Task to complete. The answer should be an exact copy of the data.

Brief descriptive captions.
╭──
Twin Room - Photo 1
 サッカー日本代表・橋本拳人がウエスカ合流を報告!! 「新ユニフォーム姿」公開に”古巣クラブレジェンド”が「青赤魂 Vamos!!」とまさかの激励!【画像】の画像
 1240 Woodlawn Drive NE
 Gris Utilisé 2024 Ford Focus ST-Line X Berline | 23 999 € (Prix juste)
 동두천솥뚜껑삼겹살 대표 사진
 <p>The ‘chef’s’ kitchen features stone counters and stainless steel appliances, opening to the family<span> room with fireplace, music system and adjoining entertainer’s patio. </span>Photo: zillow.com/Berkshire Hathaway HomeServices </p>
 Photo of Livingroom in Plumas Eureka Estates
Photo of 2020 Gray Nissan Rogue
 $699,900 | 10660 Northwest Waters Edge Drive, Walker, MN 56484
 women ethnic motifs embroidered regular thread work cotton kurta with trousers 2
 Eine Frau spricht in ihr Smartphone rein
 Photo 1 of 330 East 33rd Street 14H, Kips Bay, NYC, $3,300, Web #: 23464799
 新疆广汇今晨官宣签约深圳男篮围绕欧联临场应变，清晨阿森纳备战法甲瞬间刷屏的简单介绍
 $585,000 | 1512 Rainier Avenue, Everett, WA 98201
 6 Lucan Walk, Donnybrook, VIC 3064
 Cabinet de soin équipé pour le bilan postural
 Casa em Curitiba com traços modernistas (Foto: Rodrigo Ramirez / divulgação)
╰──
Response to the exercise.
Twin Room - Photo 1
 サッカー日本代表・橋本拳人がウエスカ合流を報告!! 「新ユニフォーム姿」公開に”古巣クラブレジェンド”が「青赤魂 Vamos!!」とまさかの激励!【画像】の画像
 1240 Woodlawn Drive NE
 Gris Utilisé 2024 Ford Focus ST-Line X Berline | 23 999 € (Prix juste)
 동두천솥뚜껑삼겹살 대표 사진
 <p>The ‘chef’s’ kitchen features stone counters and stainless steel appliances, opening to the family<span> room with fireplace, music system and adjoining entertainer’s patio. </span>Photo: zillow.com/Berkshire Hathaway HomeServices </p>
 Photo of Livingroom in Plumas Eureka Estates
Photo of 2020 Gray Nissan Rogue
 $699,900 | 10660 Northwest Waters Edge Drive, Walker, MN 56484
 women ethnic motifs embroidered regular thread work cotton kurta with trousers 2
 Eine Frau spricht in ihr Smartphone rein
 Photo 1 of 330 East 33rd Street 14H, Kips Bay, NYC, $3,300, Web #: 23464799
 新疆广汇今晨官宣签约深圳男篮围绕欧联临场应变，清晨阿森纳备战法甲瞬间刷屏的简单介绍
 $585,000 | 1512 Rainier Avenue, Everett, WA 98201
 6 Lucan Walk, Donnybrook, VIC 3064
 Cabinet de soin équipé pour le bilan postural
 Casa em Curitiba com traços modernistas (Foto: Rodrigo Ramirez / divulgação)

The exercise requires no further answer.